A basic 2 million umbrella probably would have cost him under 1000 per year and would have helped save the farm and his retirement. There are many more examples like this. Moral of the story is, if you have assets protect them.

How Much Insurance is enough?

The most simple answer is…It depends.

Do you rent or own? How many vehicles do you have? What is your net worth?…

There are many iterations of questions like this. So many in fact that the list is nearly endless and it is nearly impossible for an individual without training to be aware of all the moving pieces. This is why it is extremely helpful to get and retain a quality agent. That way you have someone to look out for you and make sure your protection is up to date so you can live.

As an insurance professional, I’ve, found it helpful to boil down the individual questions to a summary one…

What could a catastrophe cost you?

If you are a poor college grad living with a roommate and broke, there frankly is not much to lose if you lost everything. On the other hand, if you have a good job, a family, a house or two, and a few toys, you’ll want much more thorough protection at higher limits because when Murphy’s law strikes you’ll want to be prepared since it is liable to cost you more.

The last thing to consider is,

what is the most likely disaster to strike?

A lot of this is dependent on where you live. Here in CO we worry about hail and wind as well as ice and snow. You’ll also want to consider things like are you in a flood-plain or are you in the middle of trees. Not only do these factors influence the type and amount of coverage you need they also play a part in the rates you pay.

One thing we often overlook is death. Every disaster has a percent likelihood attached to it. Death happens to be 100% chance. It is simply a matter of when and how. With this in mind, life insurance at every stage of life is the most important coverage to have. As with all other coverages you are best off consulting an insurance professional to get the right type and amount of life coverage.

Rethinking Insurance coverage

Everyone knows that they need insurance, but to many of us insurance is just another bill that we are trying to lower. Big companies vie for our attention as we scramble to lower our rates. Whole marketing campaigns are devoted to convincing you that if you switch you’ll save. There are even campaigns that allow you to ‘choose your own insurance’ thereby presumably getting the best deal.

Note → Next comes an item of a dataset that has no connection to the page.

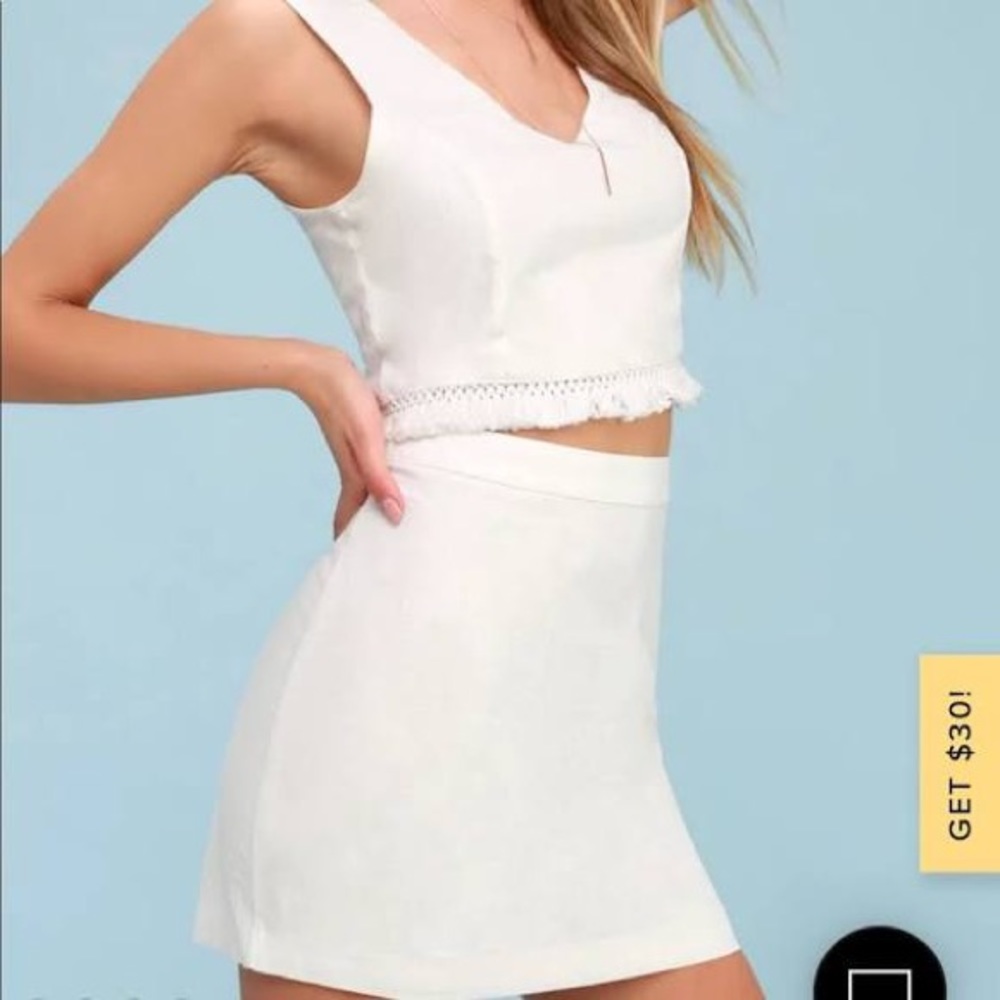 Lulus Medium white 2 piece skirt set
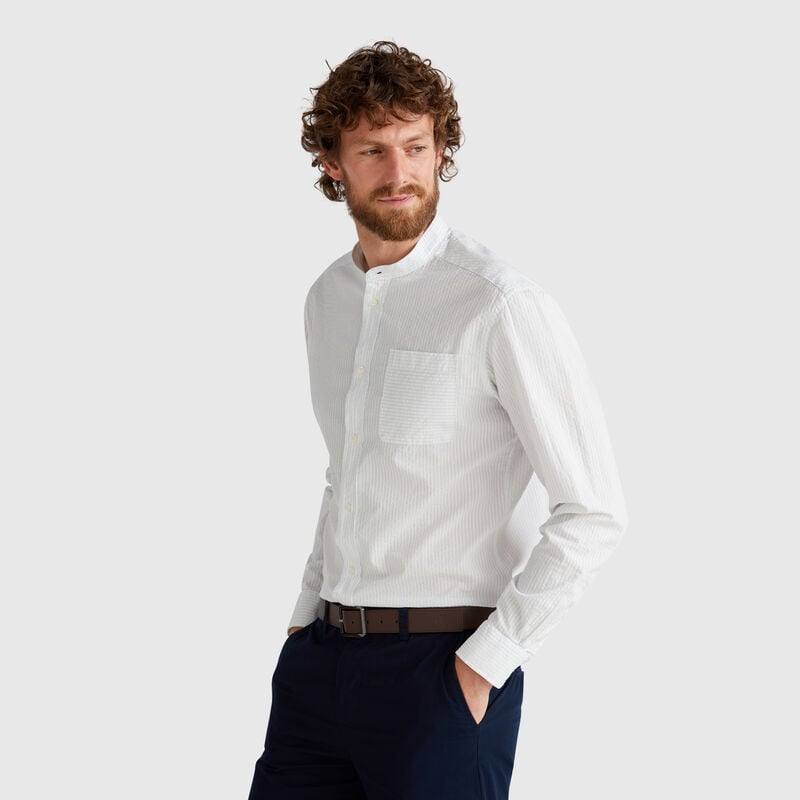 Striped Mandarin collar shirt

Other companies market to our desire to be protected and use emotional language to convince us that only they have ability to be there for you in crisis.

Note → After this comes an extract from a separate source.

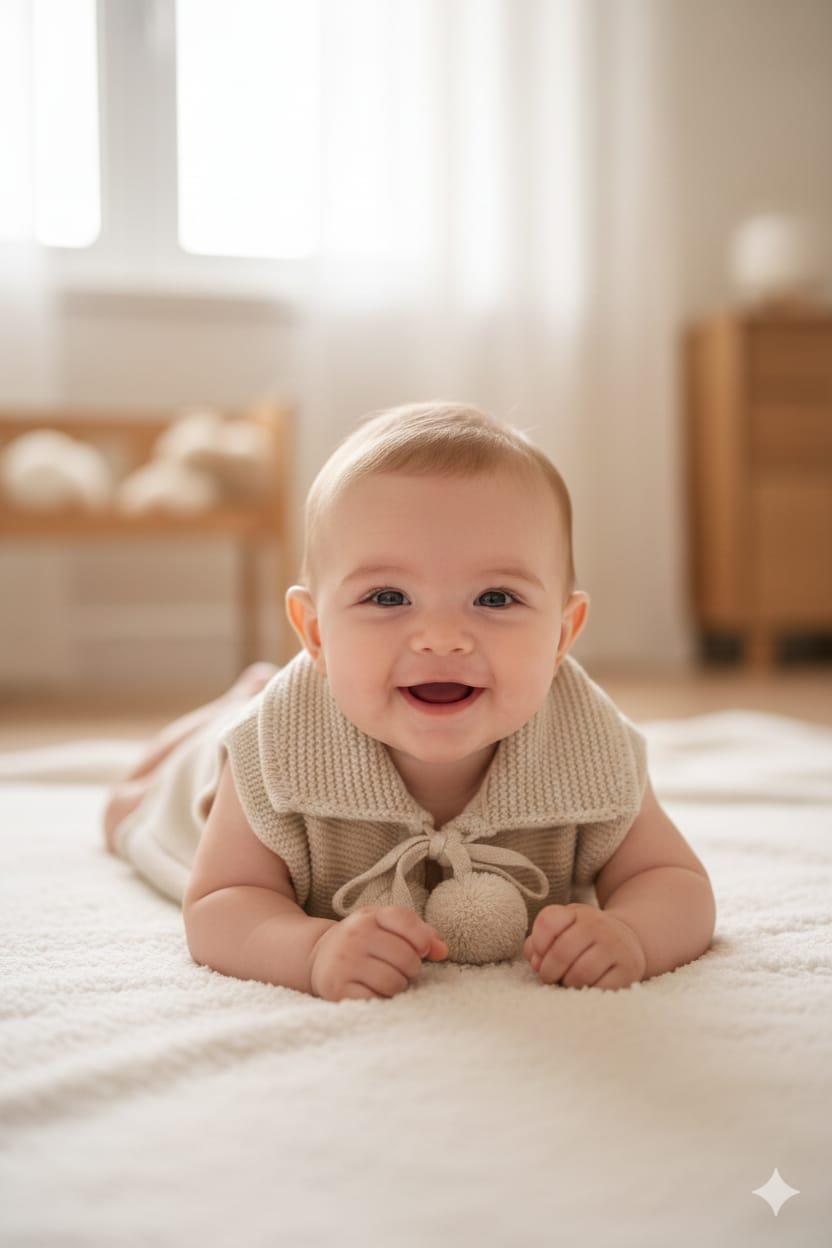 Bebek YelekKahve Ponponlu Kız Bebek Triko Yelek – 3-6 Ay, 6-9 Ay, 9-12 Ay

These marketing appeals can obscure the reality of what insurance does and does not do and completely obscure the fact that having the ‘right’ company is not the whole story. If you don’t have proper limits you are left open to potential catastrophe. Dave Ramsey provides a good basic definition of insurance.

Insurance is transfer of risk.

Dave Ramsey

So the appropriate question to ask when shopping insurance is not merely is it cheaper. Nor is it solely based on buying a brand you’ve heard of. You certainly want a reputable company and don’t want to unnecessarily break the bank. BUT bottom line you want to evaluate how much risk you are willing to take and in what respect. For example, I have come across many individuals who have low deductibles on their vehicle for which they pay handsomely and yet they have insufficient liability on that same vehicle.

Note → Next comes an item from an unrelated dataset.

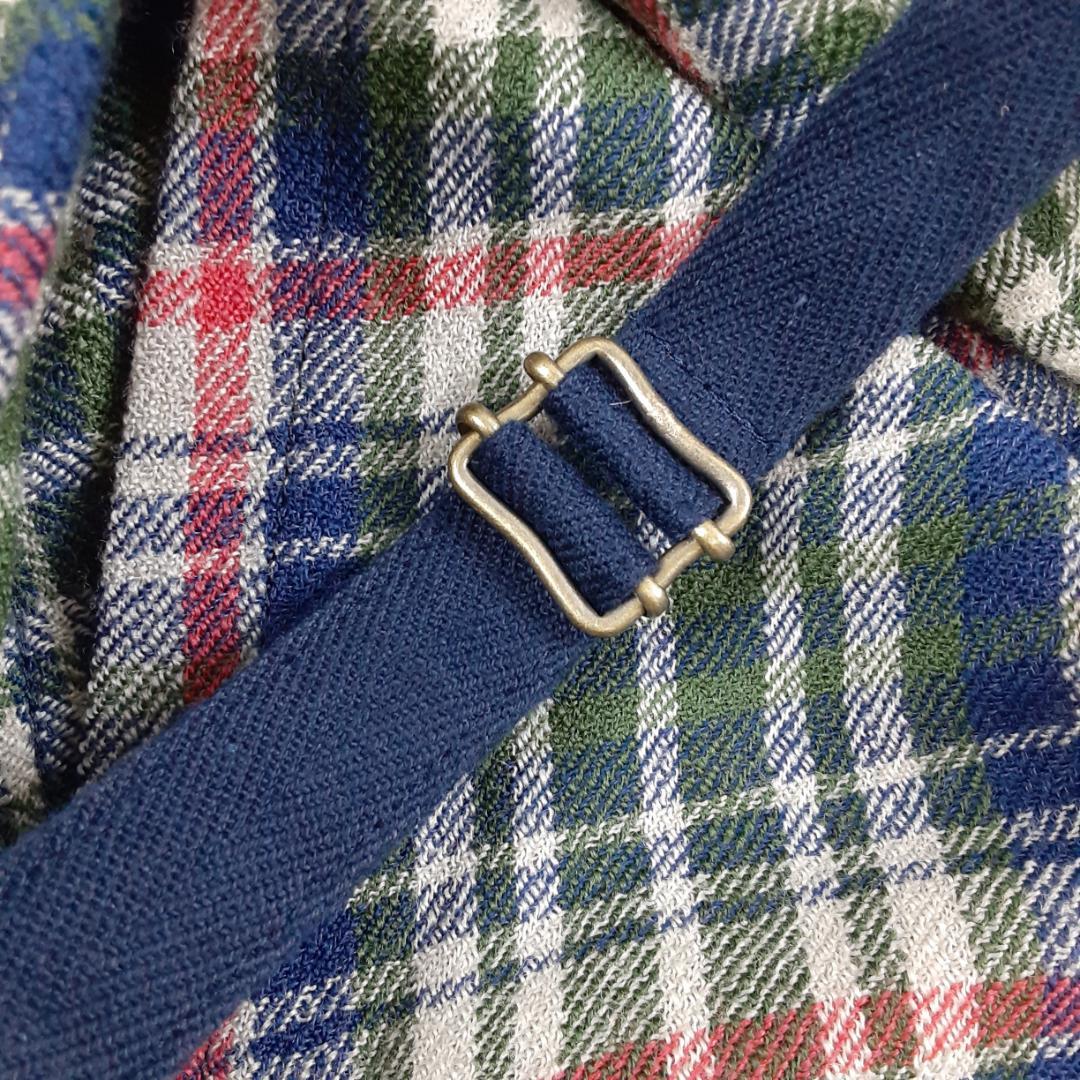 美品◎45rpm 45R エプロンワンピース マルチカラー チェック 日本製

My question for them is what poses a greater risk, you getting sued for all you are worth, because you were at fault in an accident or having hail take out your car in CO and having to pay 500 instead of 250 for your deductible.

There are many different types of risks and different ways to alleviate the catastrophe potential through insurance. To best evaluate whether you have enough coverage you ought to talk with your local insurance professional as they can help you evaluate appropriate coverages for your situation.